Interestingly, the specific 3-per-cent target was not the result of extensive economic analysis. From what I could gather, the Leader picked it because it was the same as that proposed in Europe under the Maastricht Treaty. That it was only for the Federal Government and not all levels of government as in Europe was not considered to be of relevance. The most important thing though is that right from the beginning Jean Chrétien was firmly committed to deficit reduction. This probably stemmed from his long experience in government including his stint as Finance Minister. This episode taught me the humbling lesson that sometimes economic advice is not considered necessary even for most important economic decisions.

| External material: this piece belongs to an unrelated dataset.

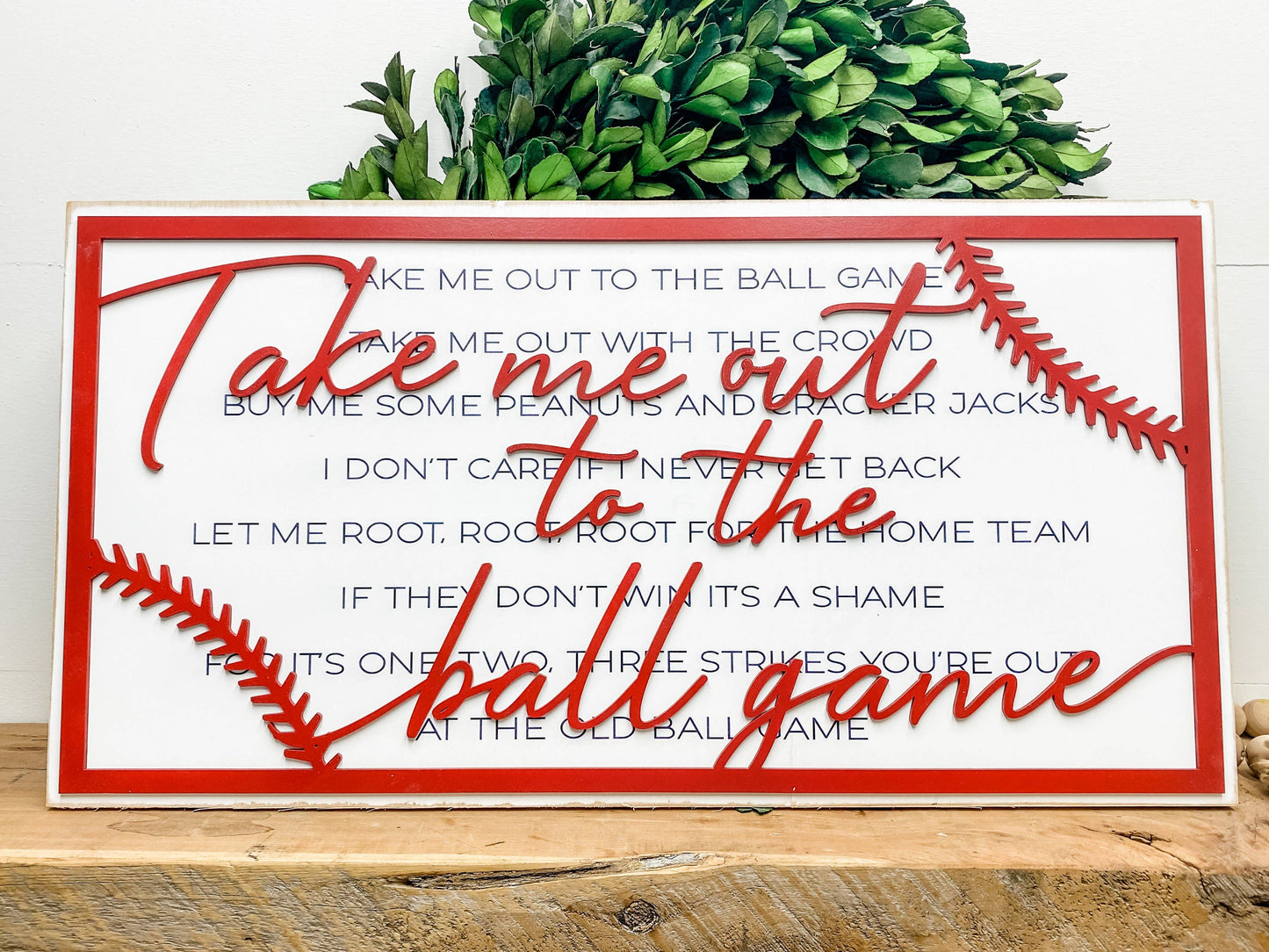 Take me Out to The Ball Game Layered Sign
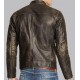 Men’s Dark Brown Distressed Leather Motorcycle Jacket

Near the end of the process before the Red Book was released, we all met with Jean Chrétien for a final discussion in the Official Opposition Leader’s historic Centre Block office with its carved dark wood paneling. He, of course, had been kept informed of the Red Book’s status as it was being prepared by Chaviva and Eddie so this meeting must have been something of a formality. John Rae was also present in his capacity as campaign chairman, but he didn’t say much.

The Red Book was released as planned on September 15, 1993, about a week after the September 8 election call. It was a big event held at the ground floor of the Skyline Hotel and the national media was out in full force. The format was that of a budget-style lock-up followed by a press conference given by the Leader. As the economist responsible for certifying that the package was fiscally responsible (an auditor-like letter to that effect signed by me was included in the press kit), I had a major role. While Liberal Caucus Research Bureau staff were available in the lock-up to answer questions off the record the same way Finance officials do for the budget, I was the only one there who was allowed to speak on the record and to do taped television interviews. As I arrived a couple of minutes late, I discovered what it felt like to be caught in a press scrum.

My other duty was to leave the lock-up early to brief the Leader on the types of questions that the media was asking. At the allotted time, I left and was escorted into a conference room where Jean Chrétien was sitting with his wife Aline and his daughter France and some of his advisors, including, I think, Eddie. He got up and shook my hand and introduced me to his wife and daughter. Needless to say, this was a very heady day for me, my closest encounter with history in the making.

Over the rest of the campaign, I continued to provide briefing material on economic and fiscal issues as requested. A particular focus of my attention was on the platforms of the other parties, especially the Progressive Conservatives, the Liberal’s traditional adversaries.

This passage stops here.